● WORK ORDER
Output, word for word, the lines of this listing that fall between the line with "Bretagne Wandern am" and the line with "Hotel Hotel Baneasa Parc cazare Rosu", counting both of those lines, and no others.
━━━ DATA LISTING
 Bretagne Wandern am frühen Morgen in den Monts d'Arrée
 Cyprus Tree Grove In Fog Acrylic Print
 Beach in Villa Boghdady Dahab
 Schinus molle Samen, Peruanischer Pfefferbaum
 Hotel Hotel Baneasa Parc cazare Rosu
━━━━━━
━━━ DATA LISTING
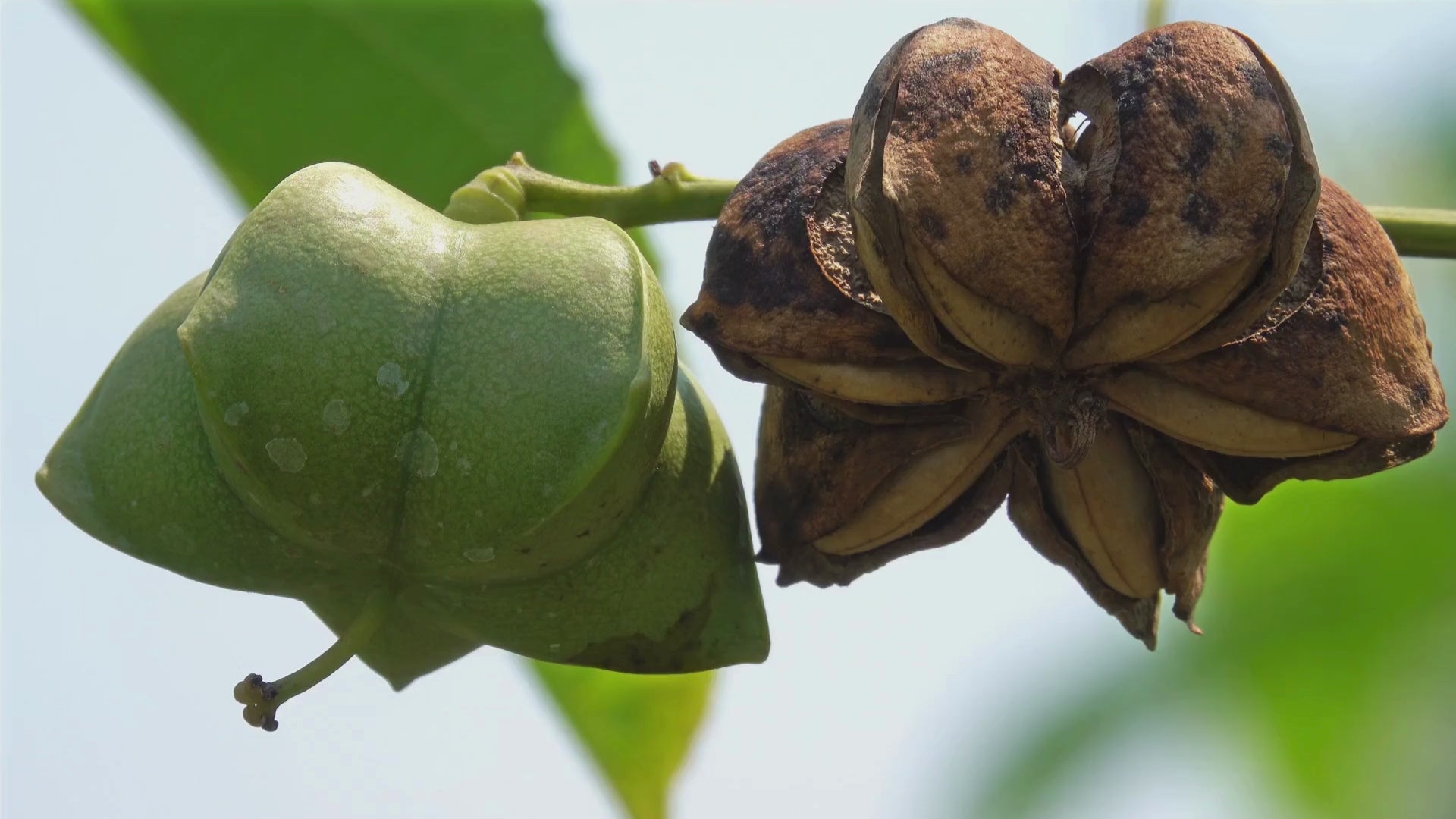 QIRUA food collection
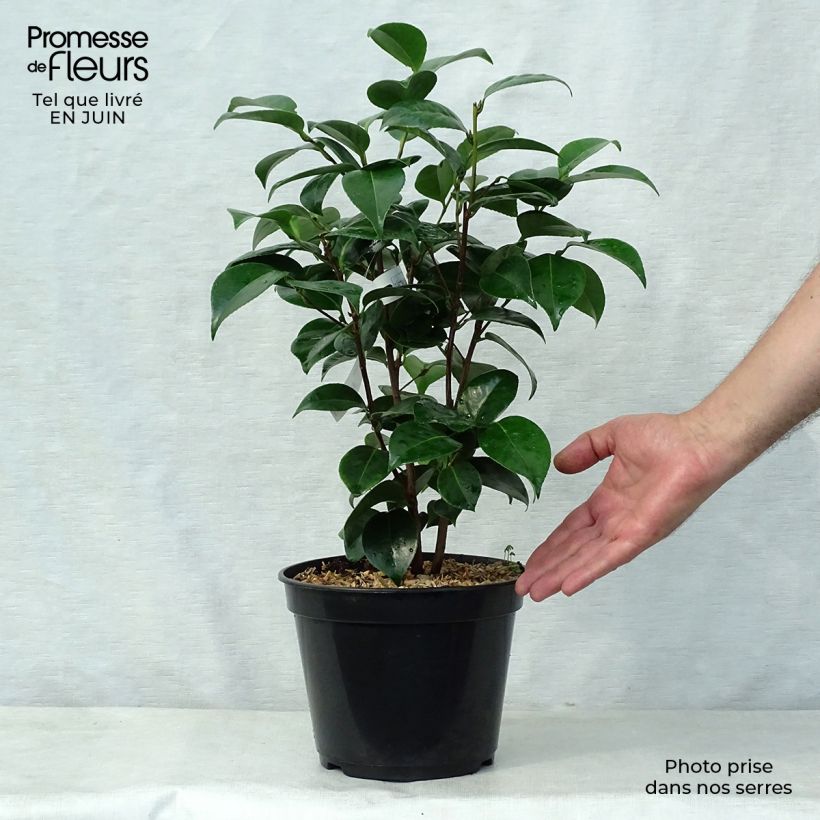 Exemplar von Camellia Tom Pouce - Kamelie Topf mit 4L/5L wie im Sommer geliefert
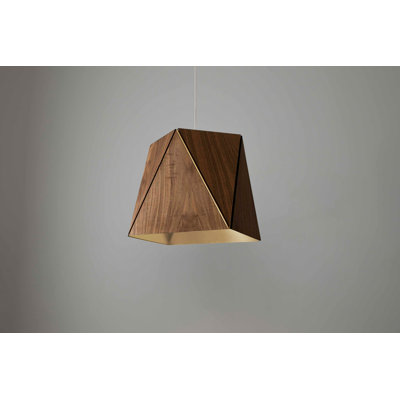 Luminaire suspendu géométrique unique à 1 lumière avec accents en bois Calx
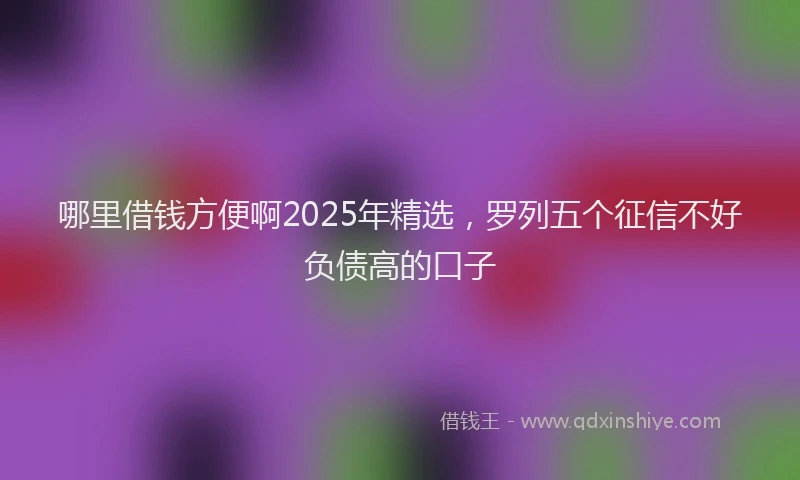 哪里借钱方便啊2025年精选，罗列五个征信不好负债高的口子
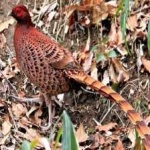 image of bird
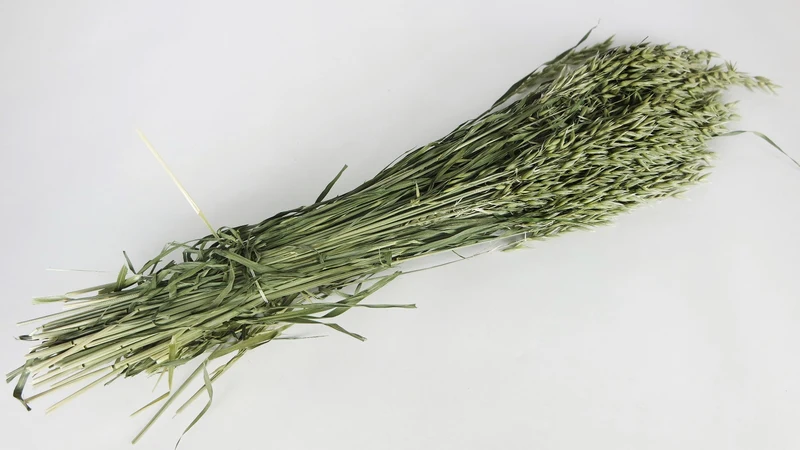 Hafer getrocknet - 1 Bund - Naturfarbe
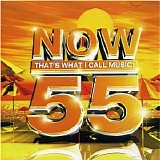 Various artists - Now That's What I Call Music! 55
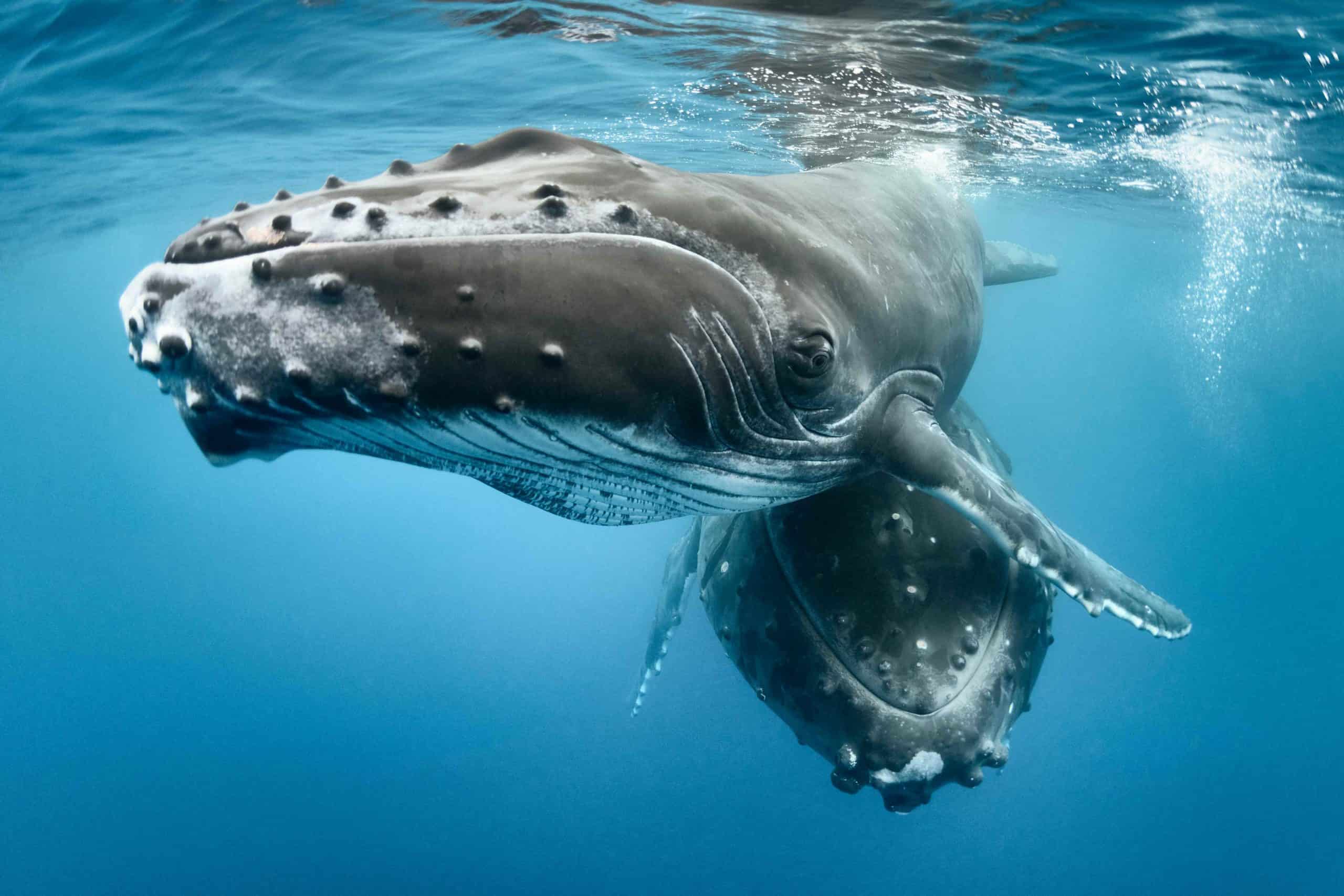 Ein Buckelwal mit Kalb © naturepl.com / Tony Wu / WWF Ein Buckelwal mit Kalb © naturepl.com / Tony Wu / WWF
━━━━━━
━━━ DATA LISTING
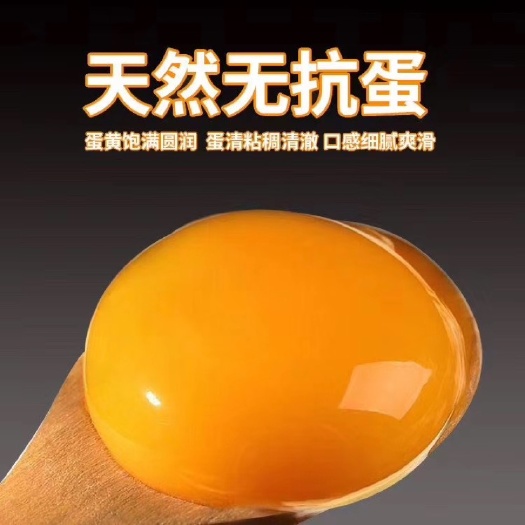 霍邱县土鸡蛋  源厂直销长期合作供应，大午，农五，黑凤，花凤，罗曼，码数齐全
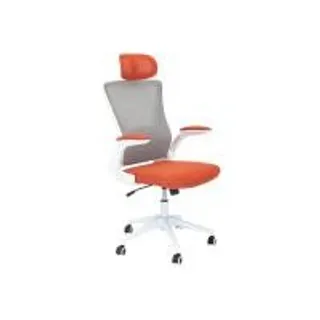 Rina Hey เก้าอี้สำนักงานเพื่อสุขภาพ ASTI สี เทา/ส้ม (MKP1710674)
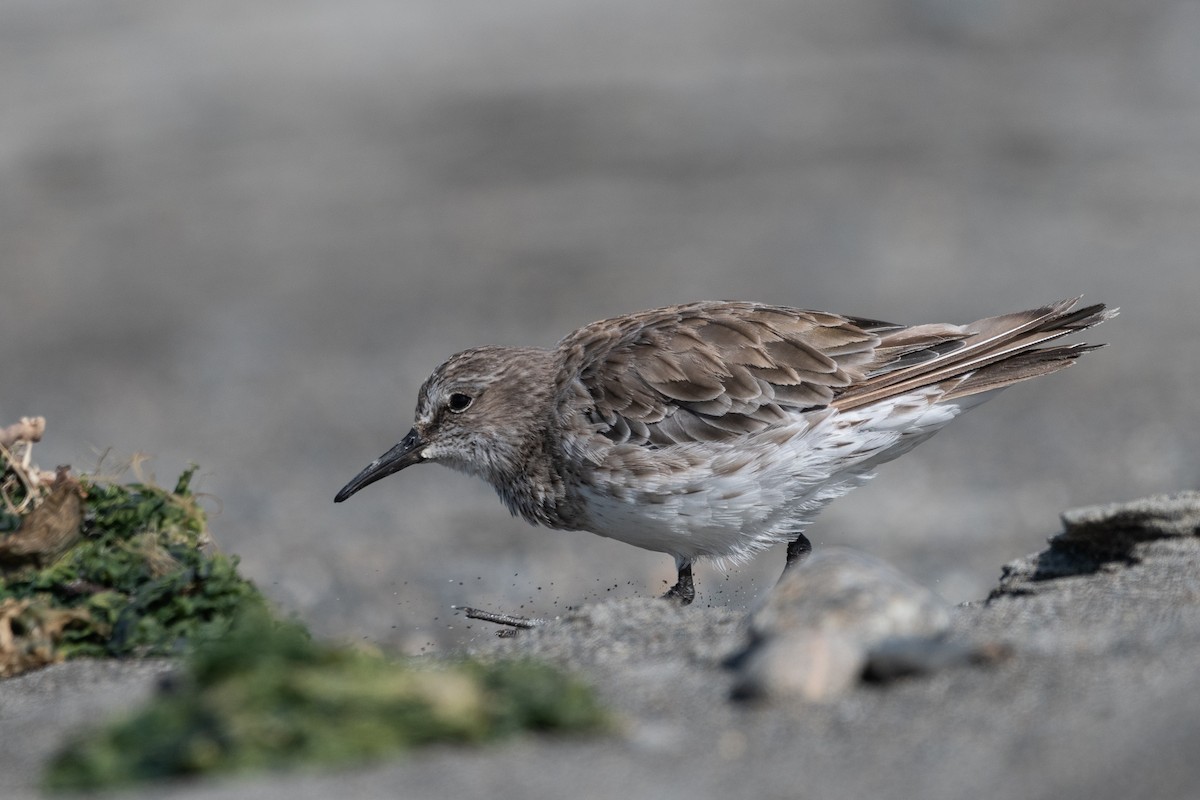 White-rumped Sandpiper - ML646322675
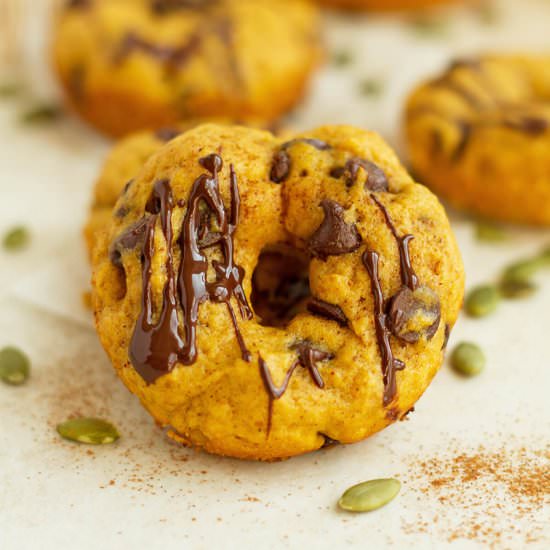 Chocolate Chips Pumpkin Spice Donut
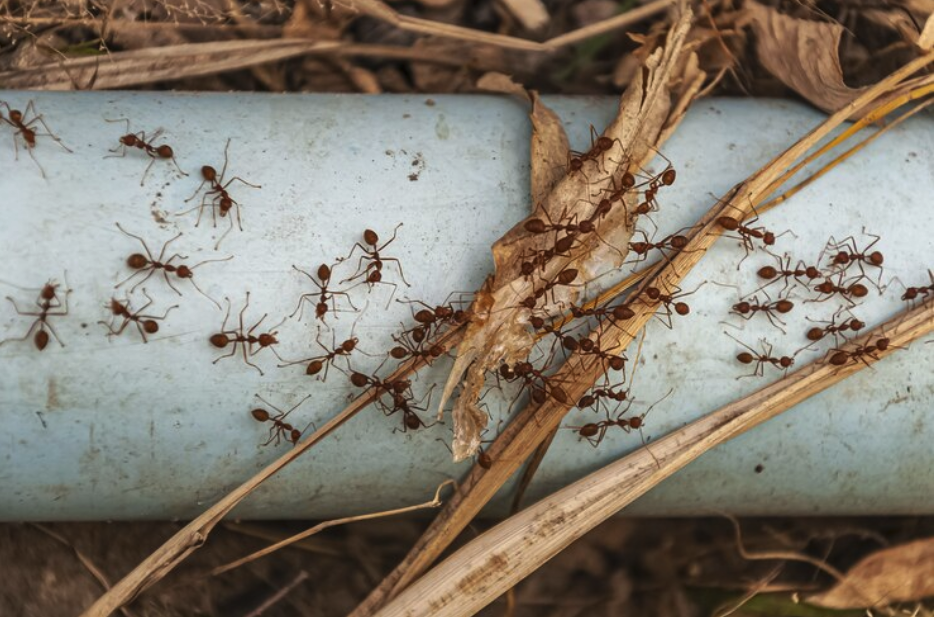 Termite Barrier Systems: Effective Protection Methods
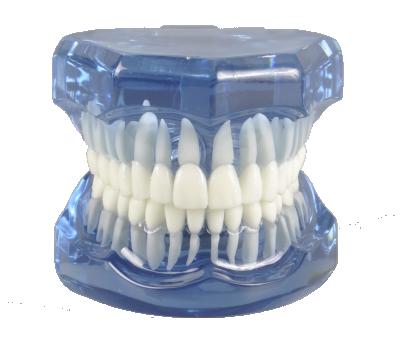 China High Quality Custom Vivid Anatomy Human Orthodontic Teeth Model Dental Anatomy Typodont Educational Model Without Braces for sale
━━━━━━
● OUTPUT FOR THIS EXERCISE
 Bretagne Wandern am frühen Morgen in den Monts d'Arrée
 Cyprus Tree Grove In Fog Acrylic Print
 Beach in Villa Boghdady Dahab
 Schinus molle Samen, Peruanischer Pfefferbaum
 Hotel Hotel Baneasa Parc cazare Rosu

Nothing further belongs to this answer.